Machine Learning-Driven Automatic Program Transformation to Increase Performance in Heterogeneous Architectures

We present a program transformation approach to convert procedural code into functionally equivalent code adapted to a given platform. Our framework is based on the application of guarded transformation rules that capture semantic conditions to ensure the soundness of their application. Our goal is to determine a sequence of rule applications which transform some initial code into final code which optimizes some non-functional properties. The code to be transformed is adorned with semantic annotations, either provided by the user or by external analysis tools. These annotations give information to decide whether applying a transformation rule is or is not sound. In general, there are several rules applicable at several program points and, besides, transformation sequences do not monotonically change the optimization function.
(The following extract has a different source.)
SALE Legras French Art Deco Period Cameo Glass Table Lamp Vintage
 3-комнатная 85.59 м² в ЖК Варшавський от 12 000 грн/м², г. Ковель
Therefore, we face a search problem that grows exponentially with the length of the transformation sequence. In our experience with even small examples, that becomes impractical very quickly. In order to effectively deal with this issue, we have adopted a machine-learning approach using classification trees and reinforcement learning. It learns from successful transformation sequences and produces encodings of strategies which can provide long-term rewards for a given characteristic, avoiding local minima. We have evaluated the proposed technique in a series of benchmarks, adapting standard C code to GPU execution via OpenCL. We have found the automatically produced code to be as efficient as hand-written code generated by an expert human programmer.